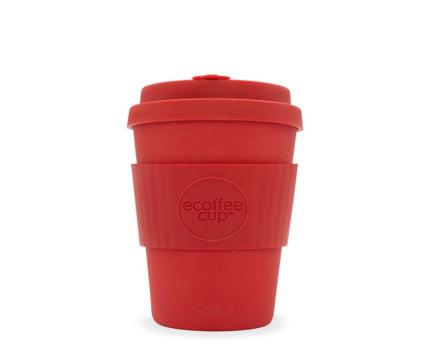 Ecoffee Wood kohvitops 350 Red Dawn (punane)*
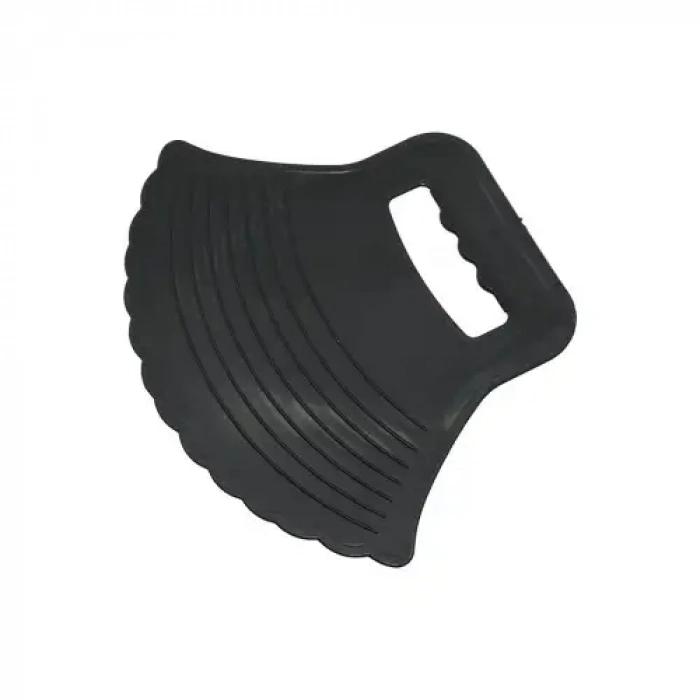 Özel Üretim Kaliteli Plastik Ergonomik Saplı Barbekü Kömür Ateş Canlandırıcı Siyah Mangal Yelpazesi
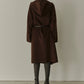 Hooded Double-Face Coat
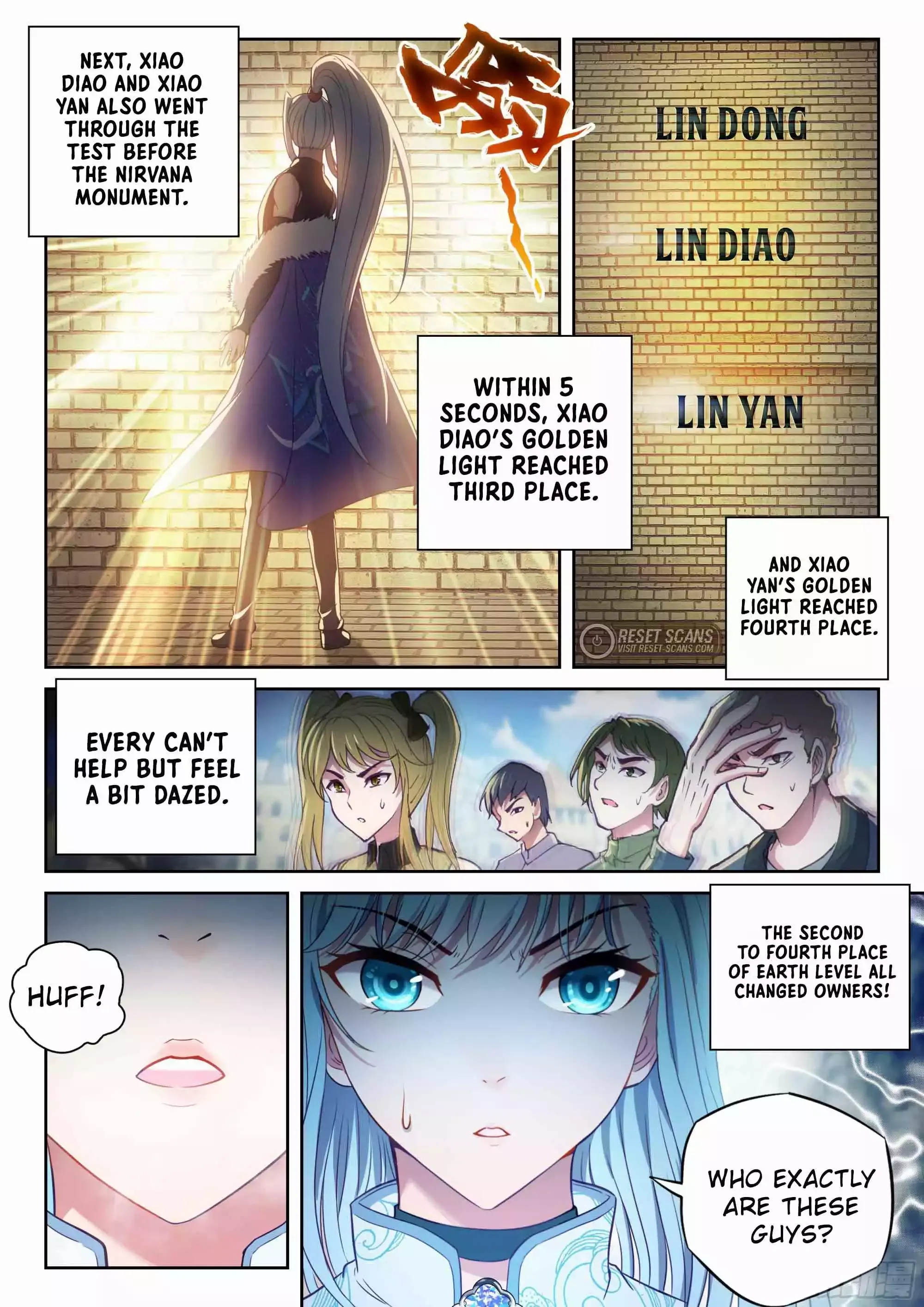 Read Wu Dong Qian Kun chapter 213 image 3 on Lezhin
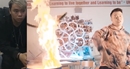 Làm rõ vụ đốt sách học sinh để quay video ca nhạc Làm rõ vụ đốt sách học sinh để quay video ca nhạc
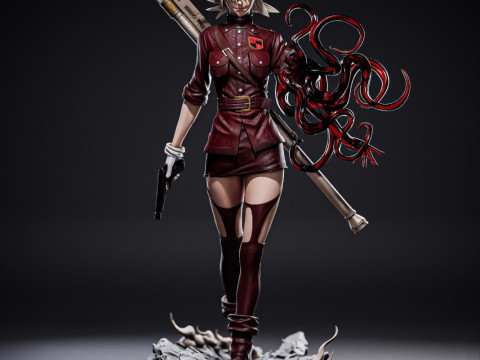 세라스 빅토리아 3D 프린트 모델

● **REQUIRED ACTION**
Without any pictures, write out the lines running from the one containing "Hooded Double-Face Coat" through the end of the listing above, both included, exactly as given.

● **EXERCISE SOLUTION**
 Hooded Double-Face Coat
 Read Wu Dong Qian Kun chapter 213 image 3 on Lezhin
 Làm rõ vụ đốt sách học sinh để quay video ca nhạc Làm rõ vụ đốt sách học sinh để quay video ca nhạc
 세라스 빅토리아 3D 프린트 모델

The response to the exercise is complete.